Olsen et al. (2018) explored the capability of mobile Lidar data in evaluating the retroreflectivity of pavement markings. The project, undertaken by Oregon DOT, utilized mobile Lidar to survey its highway network, aiming to enhance asset management and maintenance strategies. Findings from this study revealed that Lidar is effective in generating quantitative assessments of pavement marking retroreflectivity, offering a safer and more economical alternative to conventional field measurement techniques with handheld reflectometers. However, challenges such as sensor intensity saturation effects were noted, which restricted the accurate measurement of sign retroreflectivity, indicating areas for future technological improvements.
Ai (2022) performed a radiometric calibration of a different mobile Lidar system from another manufacturer capable of scanning pavement markings with higher retroreflectivity values. Ai performed detailed evaluations of different material types as well as the ability to monitor pavement degradation.
He et al. (2023) focused on the retroreflectivity of road traffic markings using vehicle-mounted Lidar. The research demonstrated how Lidar technology could enhance the efficiency and accuracy of maintenance operations through advanced data analysis techniques. Park et al. (2023) proposed metrics for Michigan DOT to quantify the detectability of markings by evaluating Lidar intensity patterns such as the range of intensity values and the proportion of higher intensity returns within a window. These metrics were developed from an analysis of degradation patterns observed in 3 years of mobile Lidar data from 210 drives on US-23.
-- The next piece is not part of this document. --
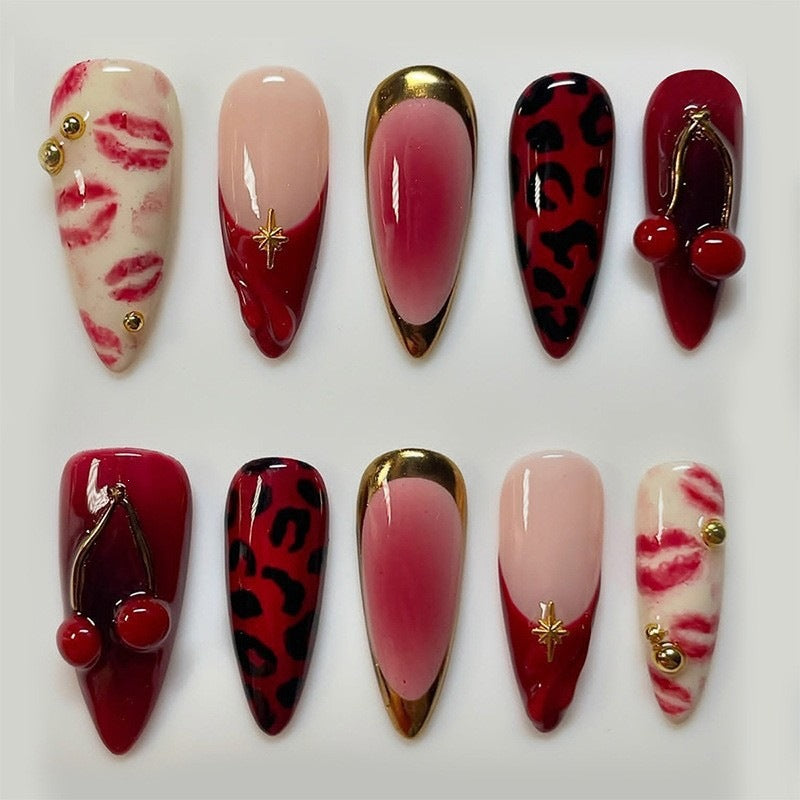 Kunstnagelset mit maritimen Motiven und bunten Akzenten Brehn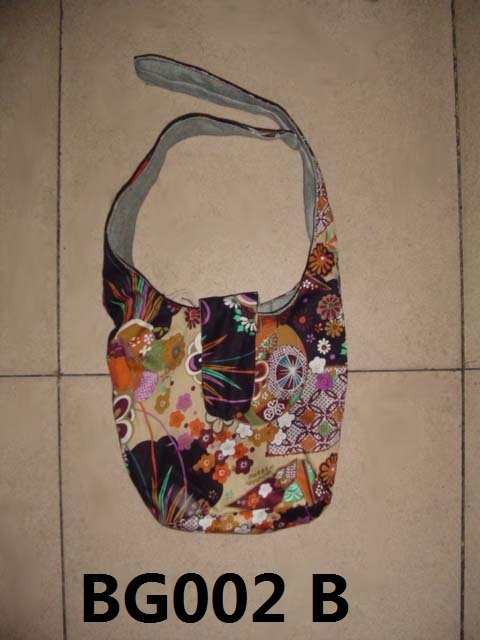 Chinese Fabric purse with un tie strip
While several of the aforementioned studies have found success using mobile Lidar for retroreflectivity evaluation, the correlations developed are only valid for a specific system. Some mobile Lidar systems do not provide sufficient or consistent enough data to be utilized for this assessment. For example, some researchers (Carlson et al. 2017) have found that intensity values in Lidar sensors that utilize multiple simultaneous lasers tend to vary substantially and result in poor correlation for radiometric calibration.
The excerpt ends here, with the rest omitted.